* [Work instruction]: Would you return the listing exactly as written, apart from its pictures?

* [Raw data]:
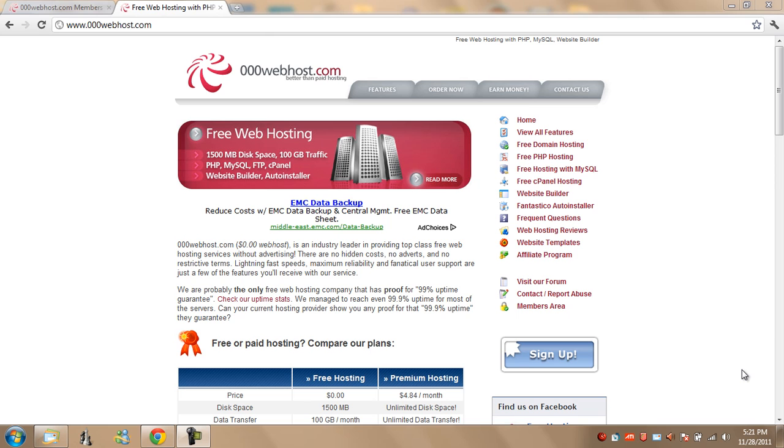So first things first, go to 000webhost.com, link is in the description and hit sign up.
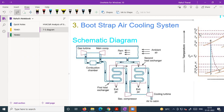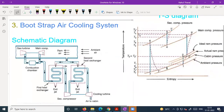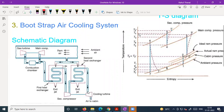In simple air cooling system, we had only one compressor and one heat exchanger. But here in bootstrap air cooling system, we have two compressors and two heat exchangers. That is the reason why this system is different from simple air cooling system. The inlet air — ambient air — will come at point number one.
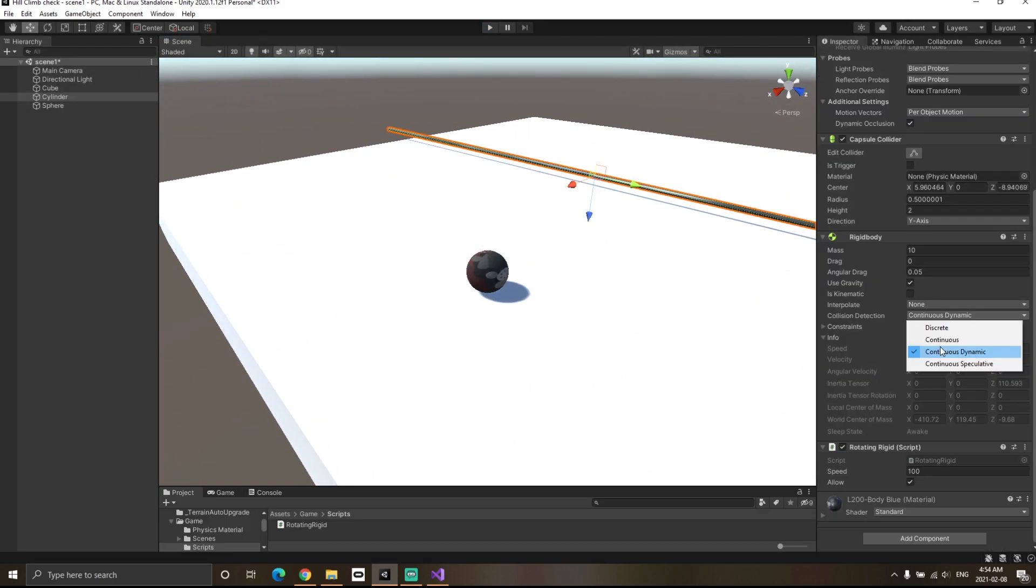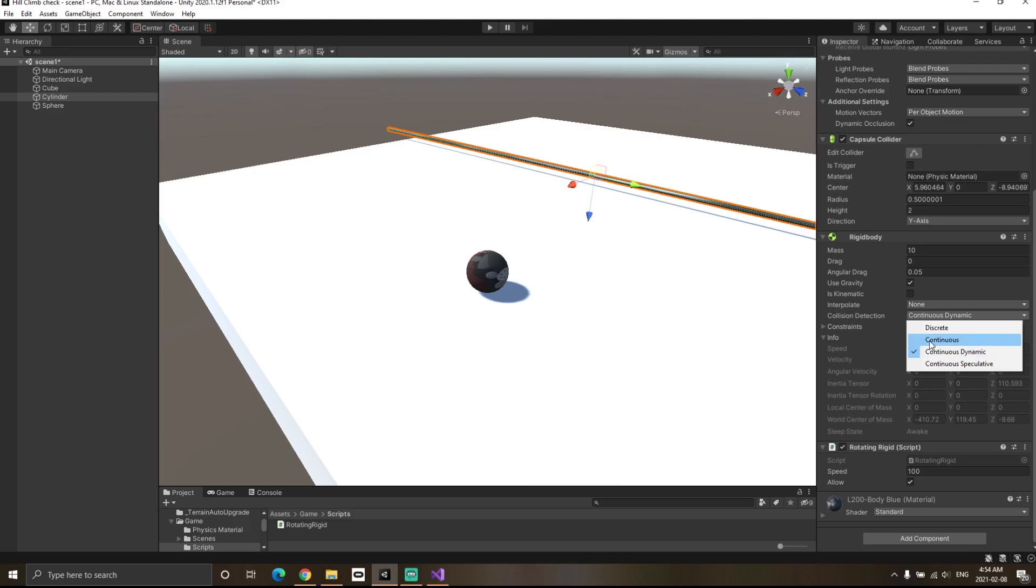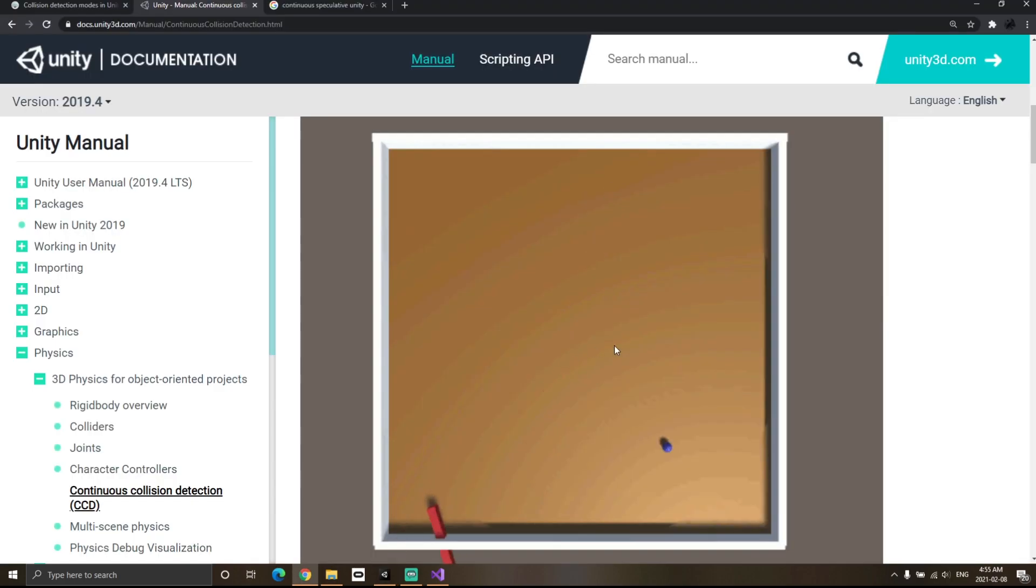This is because continuous dynamic and continuous do not consider angular motion of a rigidbody—they only consider linear motion. That's why they can collide with a very fast moving object, but they cannot with a fast rotating object.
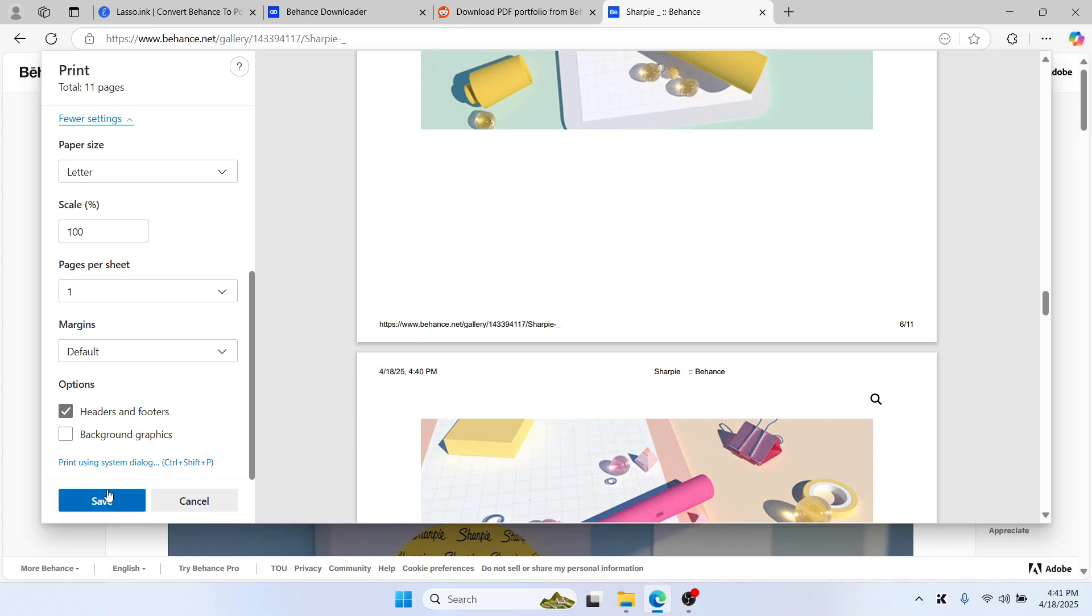Click save and it will download as PDF. If you want a cleaner and more optimized version, there are some paid tools. Let me show you them.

* [Solution for this exercise]:
So first things first, go to 000webhost.com, link is in the description and hit sign up.
In simple air cooling system, we had only one compressor and one heat exchanger. But here in bootstrap air cooling system, we have two compressors and two heat exchangers. That is the reason why this system is different from simple air cooling system. The inlet air — ambient air — will come at point number one.
This is because continuous dynamic and continuous do not consider angular motion of a rigidbody—they only consider linear motion. That's why they can collide with a very fast moving object, but they cannot with a fast rotating object.
Click save and it will download as PDF. If you want a cleaner and more optimized version, there are some paid tools. Let me show you them.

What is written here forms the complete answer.